I really did not think I would ever get good sleep after I developed CRPS. That fear was reinforced with the implantation of the Boston Scientific Spinal Cord Stimulator. Although the stimulator temporarily helped the pain it didn't touch the sleep problems. When the stim caused a spread and then stopped working altogether the sleep issues became even worse.

I have been sleeping like a baby since very soon after beginning tDCS treatments. I am no longer taking any sleep meds and I have tried many over the years.

The relief I have gotten from tDCS for sleep alone is life changing for me (and that does not even address all of the other symptom relief I have had.) All of the symptoms of CRPS progression are either improving or gone.

[Nanc]

Quote:

Originally Posted by Breaker814

Sorry everyone that you guys don't get much sleep.

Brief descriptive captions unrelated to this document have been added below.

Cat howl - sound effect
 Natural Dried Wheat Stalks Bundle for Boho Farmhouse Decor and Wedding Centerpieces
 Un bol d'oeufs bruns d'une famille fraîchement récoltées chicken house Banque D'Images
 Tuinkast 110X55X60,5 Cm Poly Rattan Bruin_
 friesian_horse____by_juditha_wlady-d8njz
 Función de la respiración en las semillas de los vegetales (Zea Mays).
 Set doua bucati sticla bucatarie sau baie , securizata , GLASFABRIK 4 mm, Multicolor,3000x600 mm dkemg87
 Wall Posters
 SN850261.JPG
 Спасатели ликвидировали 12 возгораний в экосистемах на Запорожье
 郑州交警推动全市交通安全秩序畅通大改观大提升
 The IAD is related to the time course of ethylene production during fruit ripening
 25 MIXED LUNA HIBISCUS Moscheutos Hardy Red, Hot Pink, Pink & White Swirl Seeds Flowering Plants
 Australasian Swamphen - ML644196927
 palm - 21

Do you guys work with this condition? Im on workers comp right now so I've been home but I was wondering how do you guys deal with going to work with this going on???

Hi Breaker!

I have RSD in the right side of my face, both hands, left arm and left leg. I developed it 20 yrs ago in my face and the other areas came about in 2009 - spread from a new injury. RSD has certainly affected my sleep! Can't tolerate many meds, so going that route didn't help! I was not sleeping well at all, but am doing somewhat better now because my pain isn't quite as bad as it was.

In 2011, I had two spinal cord stimulators implanted (thoracic & cervical). The cervical scs helped me regain the use of my hands/arm. With that, I am able to continue working. It was questionable there for a while, but the scs helped me greatly. I have days that aren't so good and wonder how I am going to keep going, but I just keep plugging along! I cannot do the activities that I used to (scrapbooking, drawing) which bums me out, but I am still working and that is a good thing! Being able to work is very important to me, so it takes all of my being to get through the workday and that doesn't leave strength for anything else really. Luckily I have a great husband who picks up the slack at home

With RSD, your "normal" definitely changes, you adapt to the best of your abilities...everyone is different in how they adapt.

Nanc

[LIT LOVE]

I've had RSD for 11 years. The first 4 or 5 I was incredibly sleep deprived, and this certainly made everything worse.

I've worked out to take more meds in the evening, so I'm at a very low pain level for a few hours. Warm baths with Epsom Salts help. Heating pads. Even CD's that help your brain to relax and prepare for sleep are wonderful IMO. If you're hypersensitive to noise, you might find yourself pushing your bedtime back because you're more comfortable at night. I've changed out my curtains to reduce neighborhood noise, and it's helped quite a bit.

Having sheets that are soft can help if you have allodynia. At a pillow (or pillows) to cushion a bad limb/s is something to try.

Are you having chills and nightsweats? I used to wake up all the time from them and have learned to have lots of layers on my bed so I can add or subtract through the night...

Meds can also increase sleep apnea as well. If there's a chance this is an issue, a sleep study is a good idea.

I'm not a big fan of sleep meds, but I did have a prescription for herbal med that was quite effective with no side effects a few years back. So, ask your doc about options.

Your body Can't heal without a normal sleep pattern!